Show HN: Transcrypt Python to JavaScript compiler can now generate native JavaScript components - JdeH
http://www.transcrypt.org/docs/html/special_facilities.html#transcrypt-s-unit-mechanism-and-creating-native-javascript-component-frameworks
======
JdeH
Starting with Transcrypt v3.6.101 it is now possible to create native
JavaScript component frameworks using the Transcrypt Python to JavaScript
compiler. This makes it possible to write compact, fast JavaScript components
for the browser in Python.

The project can be found at:

[https://github.com/qquick/Transcrypt](https://github.com/qquick/Transcrypt)

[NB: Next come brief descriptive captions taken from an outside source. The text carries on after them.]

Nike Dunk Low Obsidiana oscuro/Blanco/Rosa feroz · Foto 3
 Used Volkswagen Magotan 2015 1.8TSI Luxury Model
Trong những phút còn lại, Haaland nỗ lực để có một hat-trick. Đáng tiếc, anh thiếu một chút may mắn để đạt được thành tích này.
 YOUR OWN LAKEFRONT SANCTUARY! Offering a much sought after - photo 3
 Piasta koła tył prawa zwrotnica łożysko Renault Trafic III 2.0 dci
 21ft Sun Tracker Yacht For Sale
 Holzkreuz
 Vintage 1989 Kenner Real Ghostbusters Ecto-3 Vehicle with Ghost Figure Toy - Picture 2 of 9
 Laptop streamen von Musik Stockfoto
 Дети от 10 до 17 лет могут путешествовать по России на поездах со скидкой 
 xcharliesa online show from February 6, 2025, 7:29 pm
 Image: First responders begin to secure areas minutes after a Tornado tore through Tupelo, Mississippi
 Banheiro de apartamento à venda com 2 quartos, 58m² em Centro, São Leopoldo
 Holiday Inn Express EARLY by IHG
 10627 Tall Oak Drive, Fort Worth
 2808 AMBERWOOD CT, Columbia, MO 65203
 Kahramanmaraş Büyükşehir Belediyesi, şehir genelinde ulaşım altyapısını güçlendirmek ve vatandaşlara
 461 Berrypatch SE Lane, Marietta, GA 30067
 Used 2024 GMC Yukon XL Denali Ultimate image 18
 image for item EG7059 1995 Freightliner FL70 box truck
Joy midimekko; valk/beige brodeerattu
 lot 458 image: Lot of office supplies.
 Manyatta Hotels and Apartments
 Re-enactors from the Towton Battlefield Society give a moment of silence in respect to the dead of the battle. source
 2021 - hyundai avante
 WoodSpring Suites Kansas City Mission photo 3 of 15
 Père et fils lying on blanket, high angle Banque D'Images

Components can be freely mixed on a page without requiring recompilation. A
developer doesn't need Transcrypt or any knowledge of it to use such a
framework.

Each page has one unit that contains the Transcrypt runtime and, if needed,
any central facilities. It is compiled with the -u .run switch. In addition
each page can hold as many separate components as needed. Compile these with
the -u .com switch.

A loader is generated, accepting a list of components. By varying this list,
each page can have its own subset of components, without the need to
recompile. The generated JavaScript code for components can be very small,
typically a few hundred bytes. The runtime and central facilities are included
in the page only once.